__Task details__
Pictures are to be left out, and only the lines below starting at the one with "Realrock - gode" and ending at the one with "ATRACTOR CAPOT MOTOR" are to be reproduced, each exactly, both ends included.

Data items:
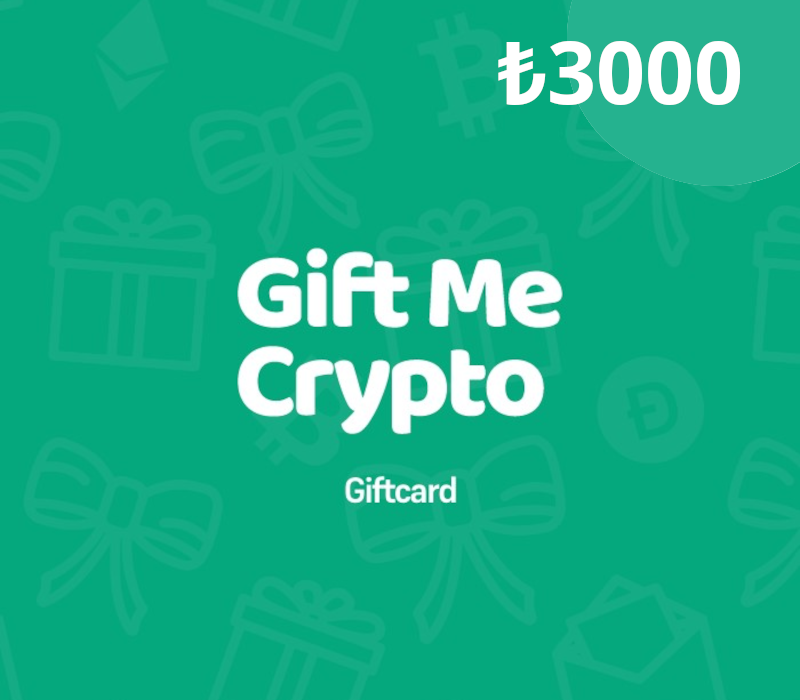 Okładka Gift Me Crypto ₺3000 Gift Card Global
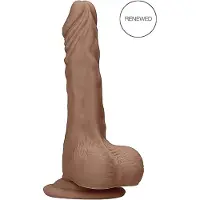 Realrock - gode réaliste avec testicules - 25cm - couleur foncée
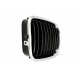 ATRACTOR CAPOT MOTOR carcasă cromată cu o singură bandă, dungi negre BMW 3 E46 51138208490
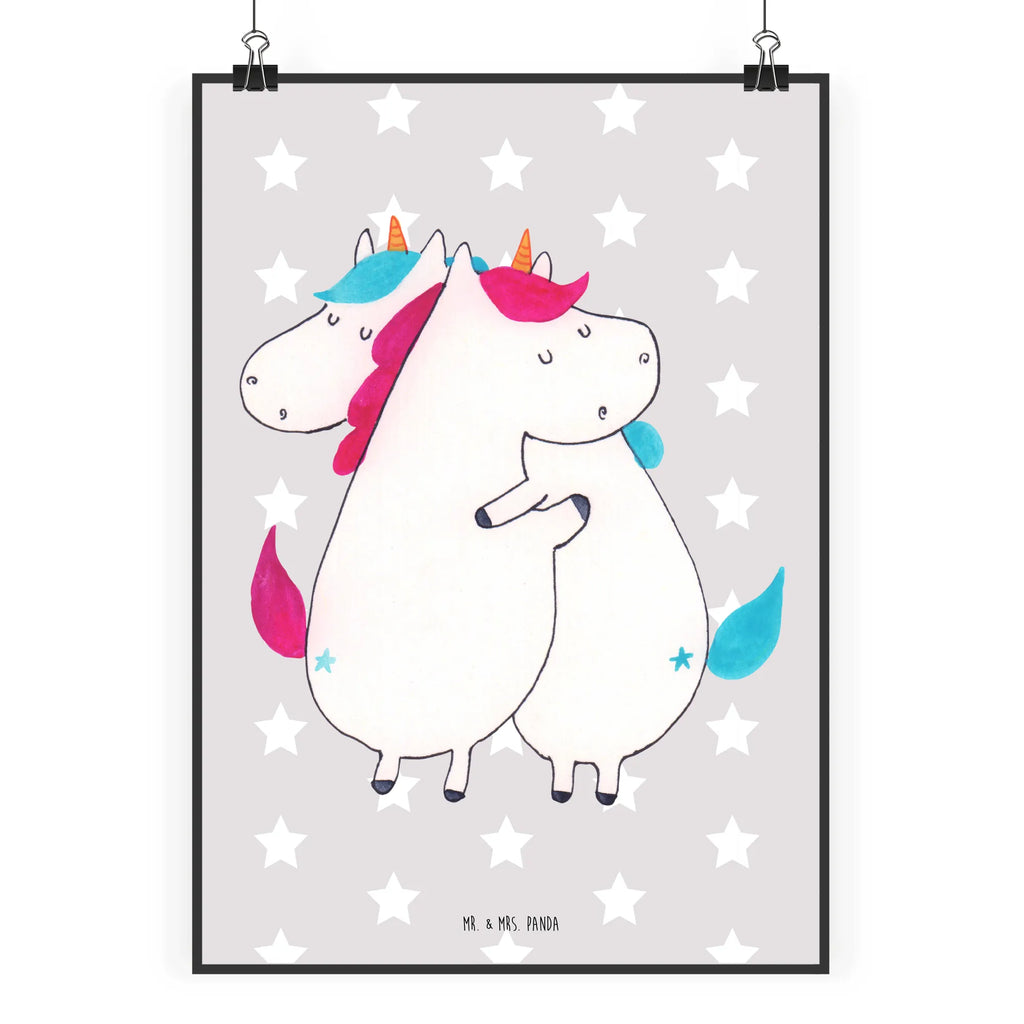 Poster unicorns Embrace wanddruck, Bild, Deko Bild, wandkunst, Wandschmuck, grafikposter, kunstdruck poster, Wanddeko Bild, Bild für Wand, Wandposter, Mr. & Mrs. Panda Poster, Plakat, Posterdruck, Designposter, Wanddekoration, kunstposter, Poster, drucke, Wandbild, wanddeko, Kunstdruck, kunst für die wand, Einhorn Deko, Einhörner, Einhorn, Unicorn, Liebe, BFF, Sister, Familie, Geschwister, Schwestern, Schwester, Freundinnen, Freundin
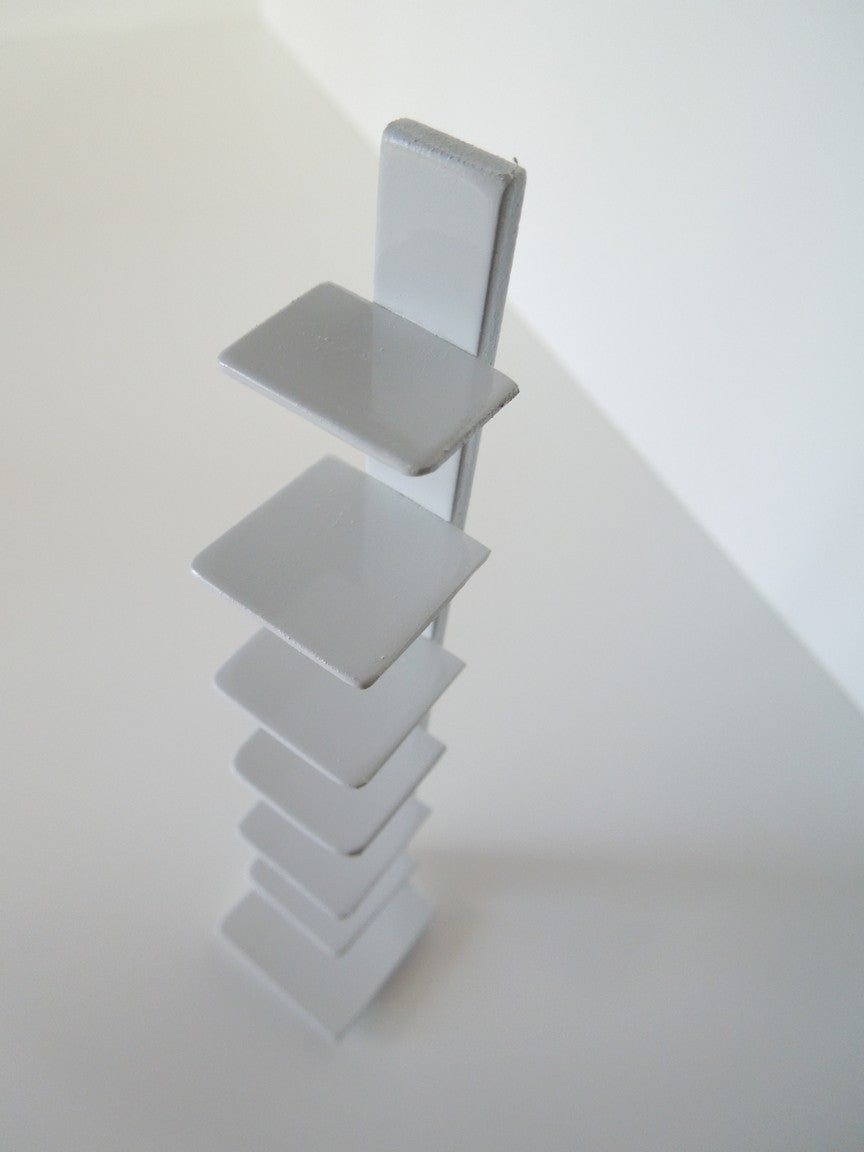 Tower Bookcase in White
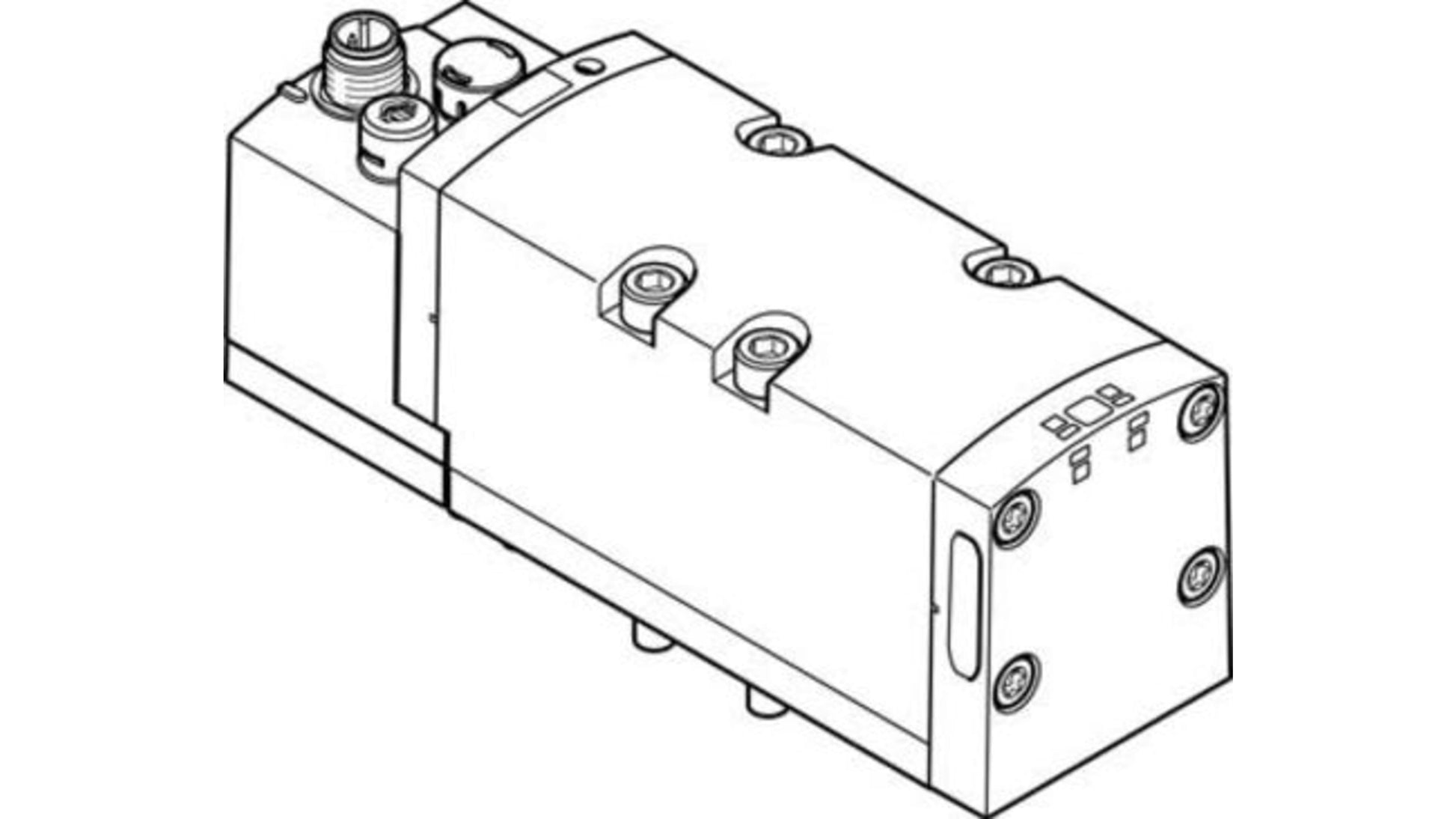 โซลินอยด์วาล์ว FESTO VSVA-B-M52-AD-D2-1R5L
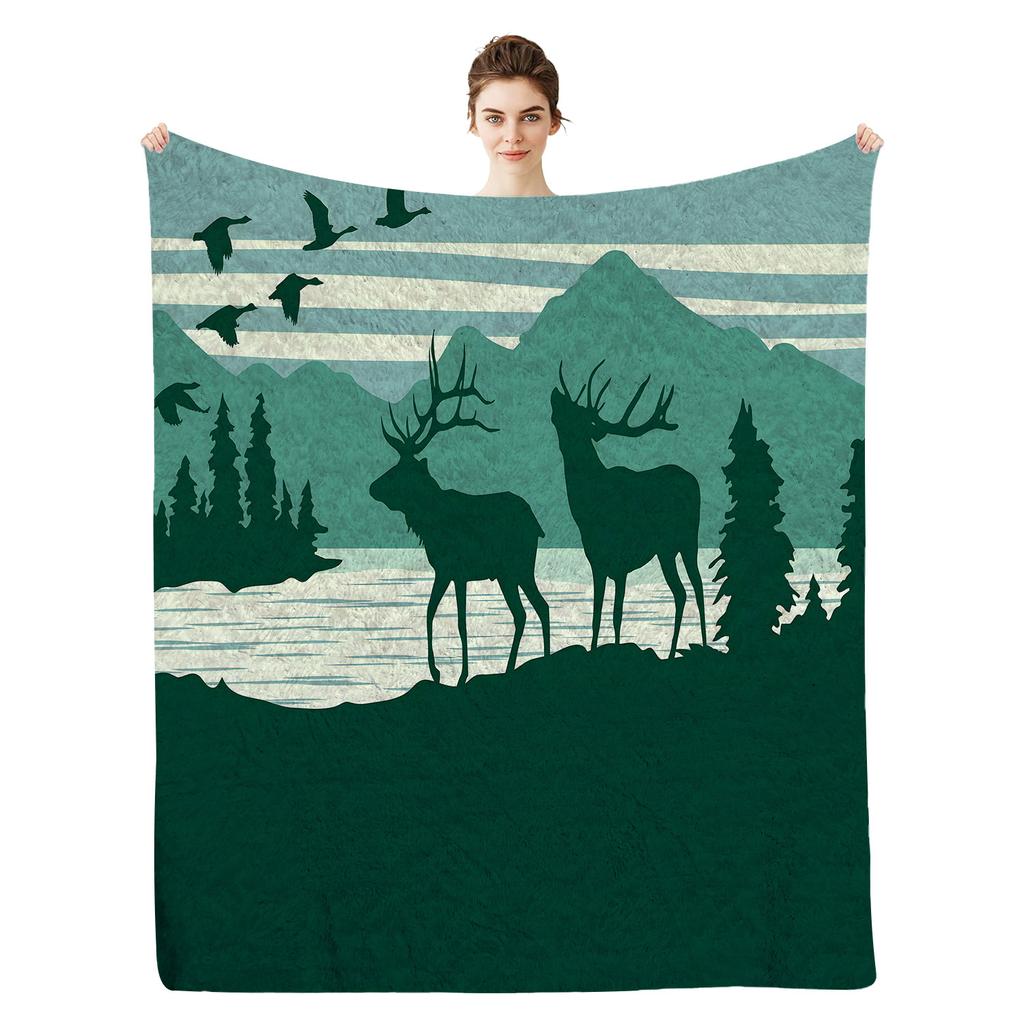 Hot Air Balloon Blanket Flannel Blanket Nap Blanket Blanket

__Response box__
 Realrock - gode réaliste avec testicules - 25cm - couleur foncée
 ATRACTOR CAPOT MOTOR carcasă cromată cu o singură bandă, dungi negre BMW 3 E46 51138208490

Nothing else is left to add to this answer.